"May any cowardice die here. Let all the classes and all parties that sincerely love the homeland merge in a single outburst of pride and faith, to repeat as during the memorable days of May 1915 to the enemy who listened in ambush: Italy knows only the way of honour."
(Gen. Luigi Cadorna)
During neutrality, Italian politics were divided and inflamed by the fight between interventionists and neutralists, affecting military choices. In fact, the Royal Italian Army accepted its technical role, awaiting precise orders that were delayed, avoiding to weigh in on the government’s choices. Even the war plans drawn up by the Royal Army General Staff reflected the inherent contradictions in Italian politics. In the event of war with France, the Army General Staff operations plan was to send three Army Corps (about 150.000 soldiers) under the leadership of General Alberto Pollio into the Rhine valley in support of the German troops. However, in 1914, another operation plan was designed to contain a possible Austro-Hungarian invasion, concentrating the bulk of the army between the Piave and the Venetian plain.

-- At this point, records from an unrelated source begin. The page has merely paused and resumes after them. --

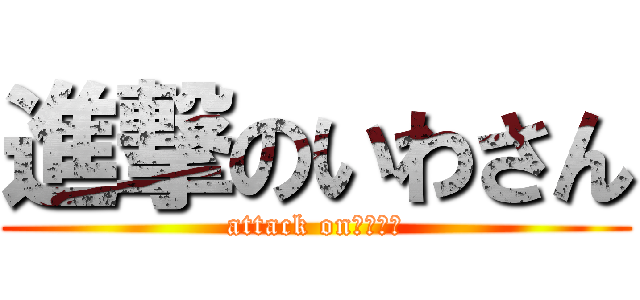 進撃のいわさん (attack onいわさん)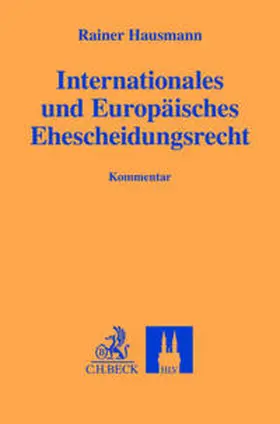 Hausmann |  Internationales und Europäisches Ehescheidungsrecht | Buch |  Sack Fachmedien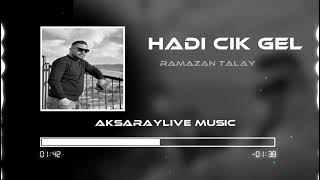 Ramazan Talay Hadi Çık Gel 2024 [upl. by Homer]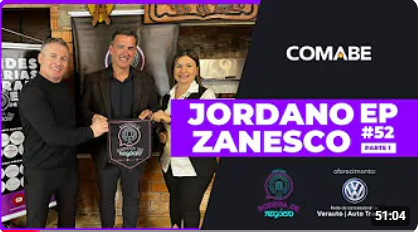 Jordano Zanesco uma sucessão que deu muito certo, confiram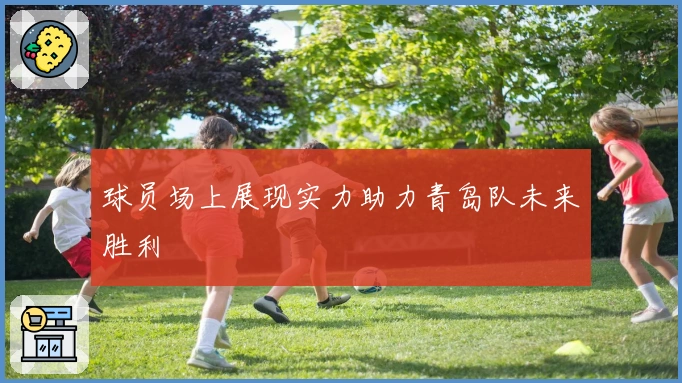 球员场上展现实力助力青岛队未来胜利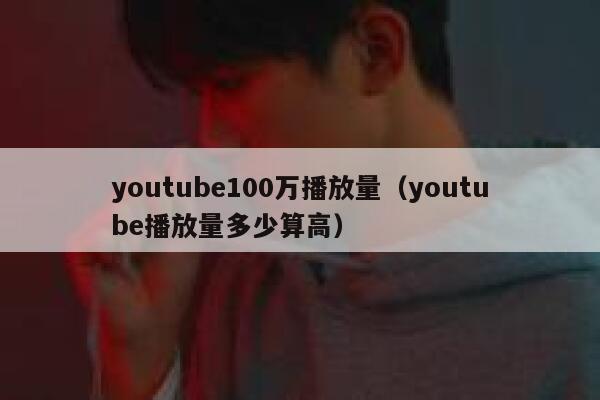 youtube100万播放量（youtube播放量多少算高） 第1张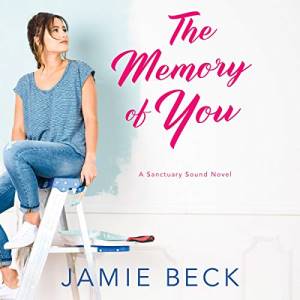 The Memory of You by Jamie Beck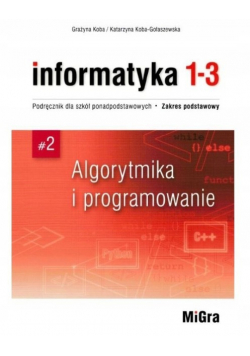 Informatyka 1-3 Algorytmika I Programowanie Podręcznik dla liceum i technikum zakres podstawowy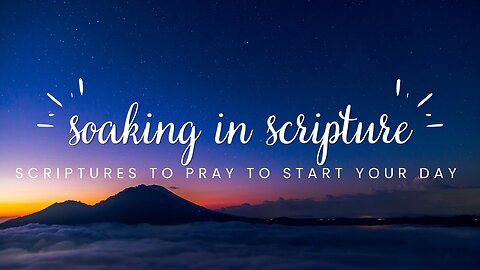 Scriptures to Pray to Start Your Day - Soaking in Scripture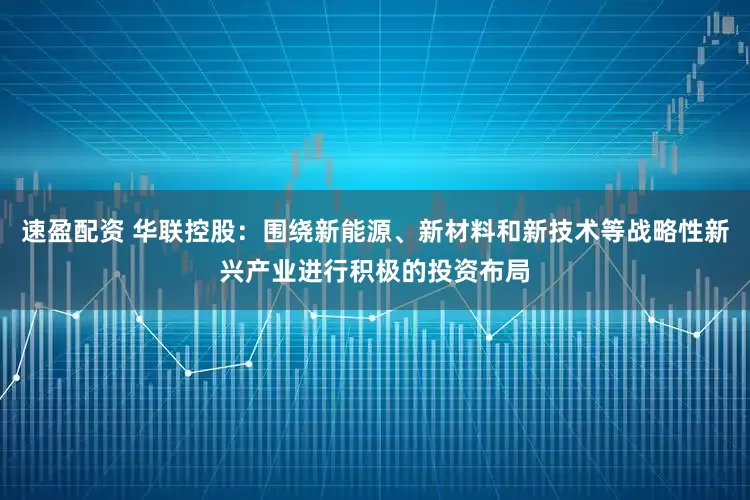 速盈配资 华联控股：围绕新能源、新材料和新技术等战略性新兴产业进行积极的投资布局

After the sudden death of Pollio, Luigi Cadorna entered the scene. In the nine months of neutrality, he found himself in the difficult situation of having to prepare the army for a now certain conflict, without any orders or precise directives. The government remained the decision-making body, whereas the military was subordinated to a consultative position; this did not allow them to make important decisions, such as the mobilisation and allocation of resources and measures at the border. There was, therefore, a substantial lack of collaboration between Cadorna and the government: the former was engaged to revamp the role of the army and setting up a foreign policy of power, whereas the latter continued to defend their prerogatives.

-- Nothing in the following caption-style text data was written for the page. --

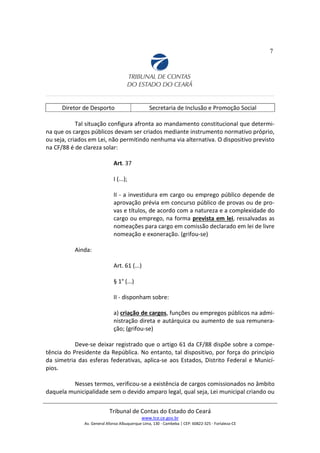 7
Diretor de Desporto Secretaria de Inclusão e Promoção Social
Tal situação configura afronta ao mandamento constitucional que determi-
na que os cargos públicos devam ser criados mediante instrumento normativo próprio,
ou seja, criados em Lei, não permitindo nenhuma via alternativa. O dispositivo previsto
na CF/88 é de clareza solar:
Art. 37
I (...);
II - a investidura em cargo ou emprego público depende de
aprovação prévia em concurso público de provas ou de pro-
vas e títulos, de acordo com a natureza e a complexidade do
cargo ou emprego, na forma prevista em lei, ressalvadas as
nomeações para cargo em comissão declarado em lei de livre
nomeação e exoneração. (grifou-se)
Ainda:
Art. 61 (...)
§ 1° (...)
II - disponham sobre:
a) criação de cargos, funções ou empregos públicos na admi-
nistração direta e autárquica ou aumento de sua remunera-
ção; (grifou-se)
Deve-se deixar registrado que o artigo 61 da CF/88 dispõe sobre a compe-
tência do Presidente da República. No entanto, tal dispositivo, por força do princípio
da simetria das esferas federativas, aplica-se aos Estados, Distrito Federal e Municí-
pios.
Nesses termos, verificou-se a existência de cargos comissionados no âmbito
daquela municipalidade sem o devido amparo legal, qual seja, Lei municipal criando ou
Tribunal de Contas do Estado do Ceará
www.tce.ce.gov.br
Av. General Afonso Albuquerque Lima, 130 - Cambeba | CEP: 60822-325 - Fortaleza-CE
 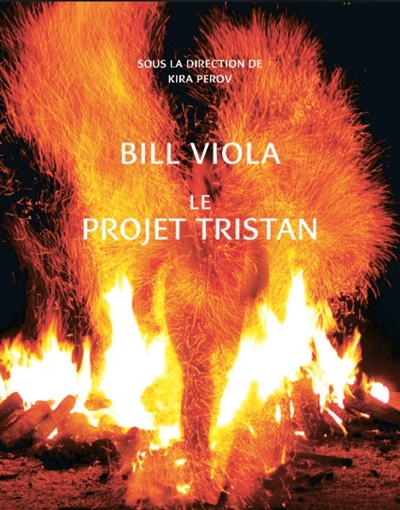 Bill Viola : le projet Tristan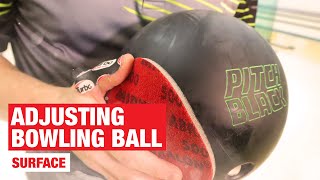 Adjusting Bowling Ball Surface GET MORE HOOK [upl. by Cymbre388]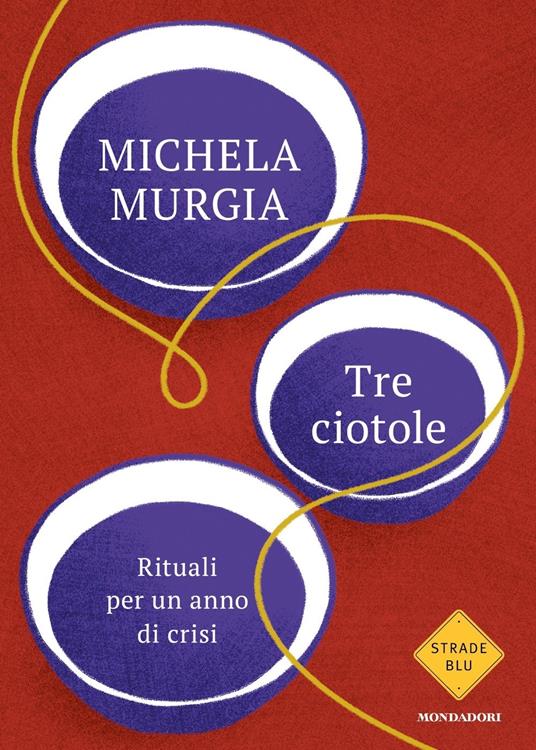 Tre ciotole (Paperback, italiano language, 2023, Mondadori)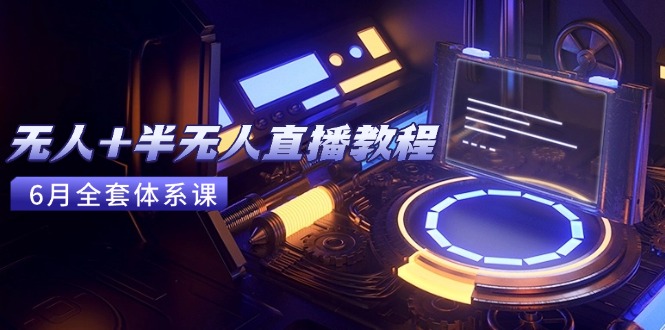 无人+半无人直播教程：AI工具+场景搭建，0到1掌握核心技术(6月更新-翻身站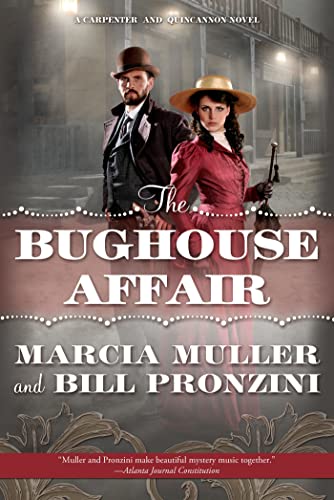 The Bughouse Affair: A Carpenter and Quincannon Mystery (Carpenter and Quincannon, 1)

Despite the overlap of responsibilities, a plan to improve the army had commenced nevertheless. The number of officers increased, with promotions and accelerated training courses. The stocks of ammunition for the Carcano 91 musket were increased, and good quality 75 mm cannons were introduced in the artillery.
Even these measures, however, testified to the inability of the Italian leaders to understand the events occurring during the initial months of the war. Despite the news from the French front suggesting a more defensive and less reckless approach, Cadorna adopted an action plan that put an emphasis on the "cult of the offensive," with light forces that lashed mercilessly against assaults from their opponents. The idea of the "generalissimo" was to concentrate all efforts on the Isonzo front, the only one that allowed significant offensive actions. By passing through the area leading from Tolmin to the sea, it opened a corridor between the plateaus of the Karst region as far as Ljubljana and Vienna.
Thus, whereas larger calibre weapons appeared and trenches equipped with machine guns were dug on the Western front, the Royal Italian Army crossed the Piave with little heavy artillery and with light guns unsuitable to defeat the fortifications. Machine guns were almost non-existent; in July 1915 there were only 618. The order for Vickers machine guns was not completed, and the Fiat 1914 machine gun struggled to enter into full production.
Another weak point was the slowness and the confusion with which mobilisation took place. Although in May of 1915 a good 400 thousand men were amassed in Veneto, only two Army Corps could be defined as prepared and ready for combat. The plans of 1914 calculated 23 days as the time necessary for troops to reach the border, but the army was ready only in the first half of July, more than a month and a half after the declaration of war. Attempts to accelerate the timing of the initial offensive were in vain.
It is difficult to make an overall judgment on the preparation of the armed forces and the work of Cadorna in the aftermath of May 24th. The army went to war better prepared and organised compared with 1914, although with enormous shortcomings in its heavy artillery and machine guns. Equally difficult to assess was the strategic approach: in Italy, Cadorna was often judged harshly for the obstinacy with which he launched his troops into massacre, whereas, abroad, the English historian Basil H. Liddell Hart called him "a man of uncommon skill." It may be argued that the Commander-in-Chief of the Italian troops was a General who lacked originality. In February 1915, Cadorna circulated the so-called Libretta Rossa among his officers; there he expounded the methods by which war must be carried out: frontal attacks, supported by the artillery, repeated in order to achieve their objectives. The Libretta gave great importance to the energy of the officers in command and the superiority of the moral strength of troops launched into battle.
It was an overhaul of the elan of the French school, in which military culture was based on the cult of the offensive and trust in the ruthless energy of command, which could overwhelm any defence. Thus, in spite of the black legend of Cadorna’s mediocrity, it can be said that he was simply in line with the mentality of the time, and, like other military leaders, he was unable to perceive the changes imposed by the new weaponry and industrial society.
The war in which Italy was preparing to fight far exceeded the resources of the nation. In addition to the difficulties imposed by the rough terrain, where the enemy occupied dominant and defensible positions, the main obstacle to overcome was the sacrifice required from the nation and army. Some figures will be useful to outline the Italian effort. The number of machine guns increased from 618 in May 1915 to 8,200 in May 1917, light artillery from 1,797 pieces to 2,452, and heavy artillery rose from 132 to 2,101 pieces.